On second thought let me qualify a bit:
I suppose it's conceivable that there could have been an authoritarian, militaristic regime in Germany that had the ambition to expand and therefore alienated the Western powers, and yet also had the capability to eventually develop an A-bomb first. It would be difficult; they'd have to both avoid alienating and thus decimating their own intellectual community (which included people like Lise Meitner, who was from Austria and deemed "Jewish" by Nazi categories--indeed unlike many Germans and others the Nazis called Jewish, she would agree she was that--and lots of other non-Germans drawn into Germany by Germany's long-established leadership in science and technology). And also gain access to the global resources and also a big, long-running expensive program, one that would not alarm foreign competitors, not only Westerners in France, Britain, and the USA but also the Soviets, into launching crash programs of their own, one they could hide from foreign observation. To do this, they'd have to make it a national priority, and yet avoid tipping anyone else off, and have to carry out the intensive work of separating out suitable fissionable isotopes while safe from bombing interdiction. Therefore they'd have to do it either during peacetime, when foreigners had no excuse to be flying over German territory spying out their doings and they had access to global markets (again without tipping off their rivals), or else after they'd conquered a very broad territory and held it securely with air superiority over deep terrain. In the latter scenario they'd have to either secure peace after conquest--which seems unlikely unless one supposes the British would go for a truce, and so would the Russians--or they'd have to divert really large fractions of their limited national resources to a project with some question marks over its eventual success and utility even if they should technically succeed, while meanwhile fighting a conventional all-out war for their lives. Before the Manhattan Project was done, it was not after all certain that even if a bomb of sorts could be made that it would be of a size that it could be delivered! So prior to someone else demonstrating that the thing was practical as a weapon, investment in such a venture would be a gamble.

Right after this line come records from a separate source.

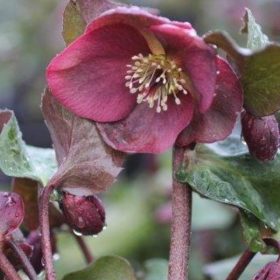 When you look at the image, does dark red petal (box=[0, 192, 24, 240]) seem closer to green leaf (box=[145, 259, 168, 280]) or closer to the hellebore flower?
the hellebore flower

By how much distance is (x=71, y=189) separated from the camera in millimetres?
721

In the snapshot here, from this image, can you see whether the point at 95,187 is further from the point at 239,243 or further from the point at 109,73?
the point at 239,243

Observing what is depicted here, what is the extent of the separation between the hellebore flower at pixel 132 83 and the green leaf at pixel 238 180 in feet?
0.15

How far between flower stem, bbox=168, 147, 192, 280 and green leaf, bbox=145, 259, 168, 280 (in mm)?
246

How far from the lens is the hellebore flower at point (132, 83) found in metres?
0.67

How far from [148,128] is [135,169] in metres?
1.69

Given the USA's economic and geographical situation, it was a gamble the Americans could figure they could afford to make and lose, even in the middle of a total war. For Germany alone to roll those dice, the cost of losing would be much starker, and the odds of winning were clearly lower.
Anyway, politically speaking such a situation, where Germany had both the intellectual and material/geopolitical capital to risk in it, would be a long shot. And it definitely would not be Nazi Germany, however otherwise grim it might have been. The Nazis, if they were going to win, were going to win without nukes. That's what the regime calculated; it covered the bet with a certain level of effort, but even given an ASB gift of the most dedicated and capable cadre of first-class scientists to help them along I don't believe the Third Reich could possibly have done it, certainly not bearing in mind that no one knew going in just how much effort of what kinds it was going to take.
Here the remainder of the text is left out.